The man laughed, and I found myself loving the sound of it. “He’s a Japanese fashion designer. He did the shirt and the scent. I wear them together. Seems fitting.”

“Right. Of course.” The cologne wasn’t the highlight of the aroma. I got lost again in the man’s arresting eyes. He was younger than me but sure of himself in a way that seemed utterly authentic. My friends and I came from affluent families, still trying to prove we were worth the cost of our Ivy League educations—to our parents, our lovers, each other.

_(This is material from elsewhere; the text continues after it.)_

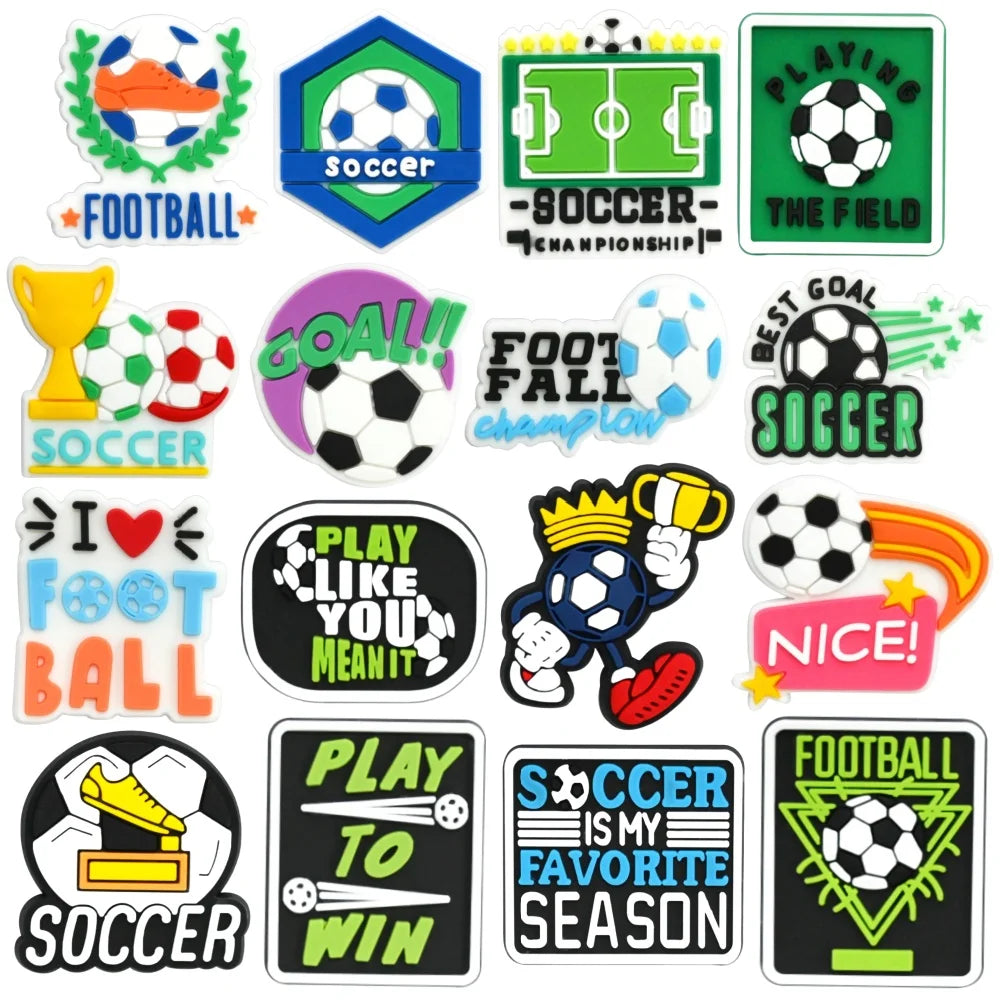 30/49Pcs Sports Ball Shoe Charms Soccer Clog Decorations for Adults PVC Accessories for Women Men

The writers in my circle were by far the most insecure, riddled with anxiety and existential grief, our self-worth hinging on the number of zero’s in our book advances and whether theNew York Timesdeemed our work worthy of a review.

Pretty pathetic, all in all.

“Your nipples are hard,” I said stupidly and shook my head at my slip. “I mean, you’re cold. Here, take mine.” I unbuttoned my own shirt and handed it over, thankful that I’d been exercising regularly. We each buttoned up and smoothed our rumpled shirtfronts. I made a mental note to check my libido. Just because a man drags you into an empty stairwell and offers you his shirt doesnotmean he’s interested in going home with you later.

But it could happen.

“I’m Michael D'Agostino.” I held out my hand even though introductions seemed like a formality at this point.

“Yes, I know,” he said with another winning smile and shook my hand heartily. He had an enthusiasm about everything he did, a contagious energy like an unexpected burst of sunshine from between the clouds.

“God, I could really use a cigarette right now,” I admitted. The man’s eyebrows quirked, and he pulled a soft pack of Newports from his pocket with a single cigarette inside of it. Mmmm, menthol, my favorite.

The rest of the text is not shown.